That kind of emergency determination is rare for COSEWIC, Taylor told Observer. “But the committee’s report made it clear that the species was facing a significant threat,” the publication states. “Both populations of steelhead trout have declined by about 80% over the past two decades, the letter indicated, going from populations that numbered in the thousands in the mid-1980s, to dozens in the most recent assessment.”

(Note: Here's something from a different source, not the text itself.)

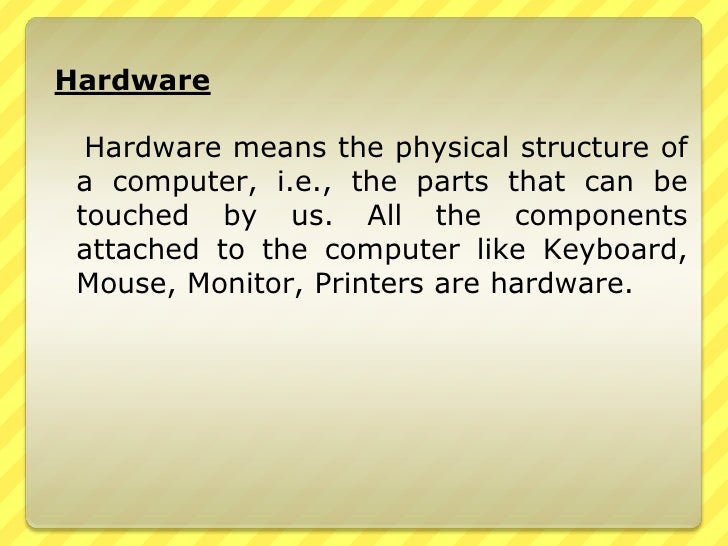 Essay for computer hardware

So “it isn’t clear why the government has taken more than a year to respond to the committee’s emergency warning,” Observer states. The office of Fisheries Minister Jonathan Wilkinson said conserving the steelhead populations is “an extremely high priority and will be a focus of decisions with respect to fisheries management plans for the year ahead.” But it said it would need six to eight months to decide whether to release a large dossier of briefing materials on the steelhead, as it has been asked to do under an access to information request.

In a formal submission to the National Energy Board, the Coldwater Band said local salmon and steelhead populations are “integral to Coldwater’s way of life and have been for generations,” adding that the remaining population is vulnerable to an oil spill and to impacts during pipeline construction. The Thompson River steelhead population spawns in the Coldwater River, which runs through the community’s reserve and traditional territory along the proposed pipeline route.

“I talk to my dad and he told me stories about when he was young, there were so many steelhead in the river, you could walk across the river on their backs,” Coldwater Chief Lee Spahan told Observer. In 2017, only 21 returned to the river to spawn.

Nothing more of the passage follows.